They were leaving, and I was relieved, but they were exchanging odd little glances as they went, and I finally leaned my head into my hands to hide the blood rushing to my face. Was I so damned transparent?
Could they look at me and see that all I wanted to do was pull Duo into my arms and rock him and kiss every one of his hurts and stroke his hair and beg him to wake up and tell me he was all right? Tell me he didn’t hate me for leaving him on that station? Tell me we could go on being friends after what I had done? Judging from the looks I had gotten, they could.

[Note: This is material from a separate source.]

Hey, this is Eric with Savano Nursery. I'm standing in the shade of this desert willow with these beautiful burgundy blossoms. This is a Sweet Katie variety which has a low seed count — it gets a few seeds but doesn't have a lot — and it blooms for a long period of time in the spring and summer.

This couldn’t happen. I could not let this happen. It would be the death of both of us.
I sat in the cold not-silence of a hospital room, listening to the steady beep of the heart monitor and the distant sounds of people going about their jobs. A nurse came in after a bit, smiled at me, checked Duo’s pupils and took his temperature, made a note on his chart and went away again. I was watching the clear medicine drip into the IV, when there was a soft cough in the doorway and Trowa was coming toward me with a tray from the cafeteria.

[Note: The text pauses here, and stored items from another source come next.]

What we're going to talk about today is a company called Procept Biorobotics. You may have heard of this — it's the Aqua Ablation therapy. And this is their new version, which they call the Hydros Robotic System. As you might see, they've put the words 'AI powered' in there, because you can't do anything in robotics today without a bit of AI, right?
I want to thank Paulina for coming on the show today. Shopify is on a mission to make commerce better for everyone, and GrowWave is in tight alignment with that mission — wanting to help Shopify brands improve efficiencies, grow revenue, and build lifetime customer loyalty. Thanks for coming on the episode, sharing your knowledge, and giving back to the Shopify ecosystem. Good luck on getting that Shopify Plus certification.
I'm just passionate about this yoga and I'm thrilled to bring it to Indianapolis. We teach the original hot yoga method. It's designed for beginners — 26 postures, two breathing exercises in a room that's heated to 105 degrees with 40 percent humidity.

‘We thought you might be hungry.’ He said simply, and sat the tray with its sandwich and juice down on the side table.
I realized just how empty my stomach was as soon as he did so and I managed a civil, ‘Thank you.’

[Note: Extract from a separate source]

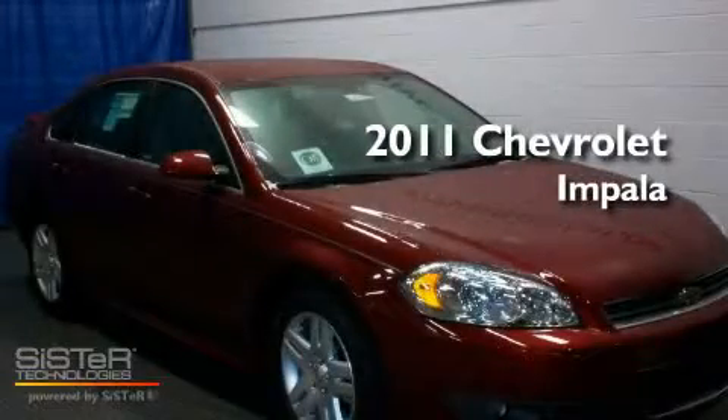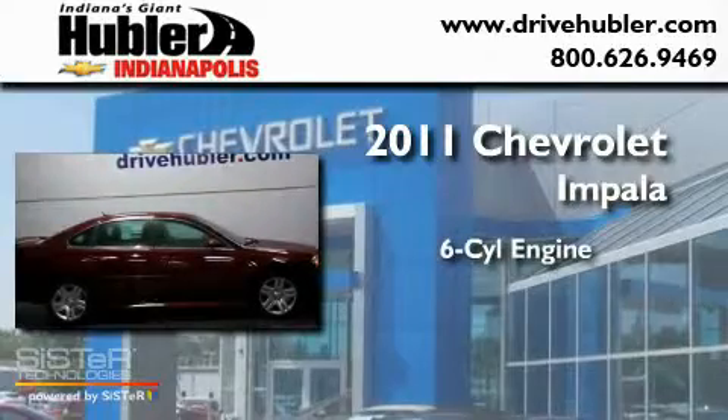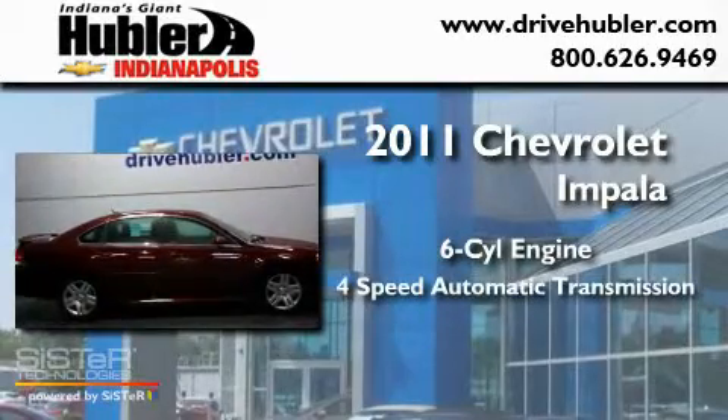This is a brand-new 2011 Chevrolet Impala. It has a six-cylinder engine and a four-speed automatic transmission.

‘We’re going back to the house now. Quatre said to make you promise to call if anything changes, OK?’
I nodded, suddenly very tired, and he just stood and looked at me for a minute, as though he was going to say something more. But he didn’t, only a quiet ‘Good night.’ Then he left, closing the door behind him.
Around me were the sounds of people starting their day. There must have been a shift change, because on the half hour, it was a different nurse who came in and checked Duo’s vitals, she too smiled at me, but didn’t offer conversation, and I didn’t encourage it.
I greedily drank the juice and nibbled at the sandwich, the morning delimited by the punctual arrival of a nurse every half hour. I tried to take comfort in the fact they weren’t finding any sign that the concussion was going to turn into anything of concern, but I just wanted him to wake up.
The first sign of change was given to me by the heart monitor; the pulse that had remained a steady, almost mind numbing noise in the back ground, suddenly began to speed up. When I looked at Duo’s face, he appeared to be dreaming, I could see his eyes shifting under the bruised eyelids. At first, I was encouraged by this, the first sign of life I had seen from him since he had grabbed the controls of Deathscythe. But then, I began to see all the signs of nightmare.
‘Duo? Can you hear me? Duo, wake up.’ I was afraid to touch him for fear the drug hadn’t run its course yet. So I just continued to call softly to him, hoping to break the hold of the nightmare.
He finally came awake, his whole body shuddering, and gasping for breath. His one good eye searched the room frantically, trying to get his bearings.
‘Duo!’ I tried to give him an anchor point, ‘It’s Heero. It’s all right now. You’re safe.’
His attention snapped to my voice, and he finally seemed to focus.
‘Heero?’ his voice was hoarse, I knew, from screaming, ‘You’re OK? The guys are all right?’
How many hours of screaming? How many hours of liquid fire running through his veins? How many hours of abandonment, of thinking we had run out on him? Damn. Had to stop that.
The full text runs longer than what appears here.